Riding the train sounds like a good idea. It sounds like lots of fun, and it sounds like something the kids would really like to do. So this morning, we all got up, went to the train station, and hopped on a commuter to go to the City. ( In northern California, the “City” is always San Francisco, and it is NEVER referred to as “Frisco” by anyone who lives here) Anyway, both my kids, my mother, my 22 year-old brother, my friend and her two kids all headed to the City.

The problems is, Eric seemed to think the train was an airplane, and acted accordingly. He began to scream just like he does on a flight. I am very grateful for my brother, because he had the energy and the wherewithal to walk from car to car with Eric, keeping him somewhat calm. And, I am very grateful for my friend, because she is a very laid-back parent and doesn’t stress when kids are kids in public. That helped. Then, for some reason, today was the day that my mom ran out of patience with my kids. I guess it’s about right; we have been here for almost a week.

So we got to the City and it was very hot and I cannot stress how unusual this is for San Francisco in August. Usually the summers in the City are cold and foggy; you can almost bet on it. But not today. We walked about 8 blocks to get to the California Academy of Sciences and Steinhart Aquarium, which is an easy walk if you are a big person, but no so, if you are barely just four, and your legs are very short. Jeffrey was not too happy about half way to the Aquarium, but I rather thought he did well. My brother again came to the rescue, and offered a piggy-back ride. I think that helped morale a bit. Anyway, Steinhart is being remodeled, and the Academy of Sciences is as well, but the temporary digs downtown are pretty nice for a part-time gig. The kids had fun, and except for a couple of incidences of my mom over-reacting, which I will omit for the sake of domestic tranquility, all went well.

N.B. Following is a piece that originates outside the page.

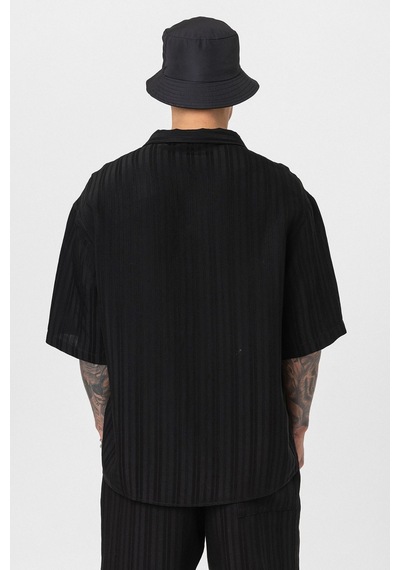 Oversize Modal Kumaş Şort Gömlek Takım Siyah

We stopped in the China Basin (an area that used to be a lot of run down warehouses but is now a trendy hot-spot) Whole Foods for lunch, and paid $12 for a burrito, and $9.50 for some enchiladas. Seriously. Eric fell asleep in the stroller (finally), and my mom waited outside while the rest of us ate inside. (Whole Foods and my mom are like water and oil) I am not sure how or why, but the decision was made to head back early, and we went back to the train station. My friend decided to head over to PacBell Park with her kids and watch the Giants game through the right-field fence, which I think would have been fun too; but I am not making waves this trip, remember? So, mom, my brother, and the kids and I caught the earlier train, and mercifully, Eric slept almost all of the way back down the peninsula.

So, to recap the day: we spent 3 hours on a train, with an often screaming, cross toddler, to go back and forth from a sweltering, crowded city, to spend 2 hours in an Aquarium, and pay too much for lunch, with a mother who was nursing some silent hostility. How. Fun. Anyone for tomorrow?

Notes from California, Part II

There are a few things about California that are simply in my blood. While I have lived in the Northwest now for over three years, (and for the most part, really enjoy it) there are just some things about northern California that I will never get over missing.

In seventh grade, I had a history teacher who told us that this place was the only place in the world that has this climate, and that things grow here that won’t grown anywhere else. At the time, the miracle of that escaped me, but now I know how right she was. For anyone who doesn’t already know, northern California and southern California are basically two completely different states. The south is L.A. land, with the picture-perfect, flat, white beaches, hot days and nights, celebrities, and an inversion layer that creates the thickest smog ever. The north is San Fransisco land, much cooler and foggy, with rocky, cliff-like beaches, very cold oceans, organic farms, vineyards, Redwood forests, and lots of water. This is where I was born and raised. There is something about the sunlight here, somthing about the mountains and the fog. Nowhere else on Earth will you find California Redwoods, lush cooling fog that rolls over the banks of the Santa Cruz mountains each afternoon, and dappled sunlight shining through trees that stood at the time of Christ (in your backyard!).

DFM and I play this game; when we are watching something on TV that is filmed in California, we can almost always tell where, just by the color of the sky and the way the sunlight falls. Maybe we are crazy, but we are usually right, when the credits roll. There is no logical explanation, other than the sunlight is in our blood.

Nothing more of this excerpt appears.